In this research work, to analyze the code smell severities from software to decrease the maintenance work and enhance the software quality, and also find the best algorithms for detecting the code smell severities, we proposed the severity classification of code smell framework with multi-class classification approaches using four machine-learning and three ensemble learning algorithms. To select the significant features from each dataset, Chi-square feature selection algorithm is applied.

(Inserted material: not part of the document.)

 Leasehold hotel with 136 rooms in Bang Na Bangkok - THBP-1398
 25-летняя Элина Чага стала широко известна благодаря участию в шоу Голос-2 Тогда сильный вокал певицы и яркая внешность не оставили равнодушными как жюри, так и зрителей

Two-parameter optimization algorithms (grid search and random search) with fivefold cross-validation are used to enhance the SCA.

In this study, it is found that the GB method finds the maximum SCA of 88.22% using the feature selection algorithm, while the AdaBoost algorithm obtains the lowest result of 70.27% without using the feature selection algorithm for the DC dataset.

The DT method found the maximum SCA of 86.00% using the feature selection algorithm, while the KNN algorithm obtained the lowest result of 61.10% without using the feature selection algorithm for the GC dataset.

The DT algorithm found a maximum SCA of 96.00% using the feature selection algorithm, while the lowest result was 68.78% obtained by the KNN algorithm without using the feature selection algorithm for the FE dataset.

The XG Boost algorithm found a maximum SCA of 99.12% using the feature selection algorithm, while the lowest result was 91.64%, obtained by the KNN model by applying the feature selection approach for the LM dataset.

This study found that the GB method is best for the DC dataset, the XG Boost model is best for the LM dataset, and the DT model is best for the GC and FE datasets to detect the severity of code smells. Moreover, the Chi-square feature selection technique is always helpful for better detecting the severity of code smells.

The limitation of this study is that the code smell severity datasets have a class imbalance problem; therefore, in subsequent work, we intend to enhance outcomes by utilizing class balancing techniques to address the issue of class imbalance (present in the used dataset). In order to determine the most effective methods for code smell severity detection, other learning algorithms and feature selection strategies should be investigated.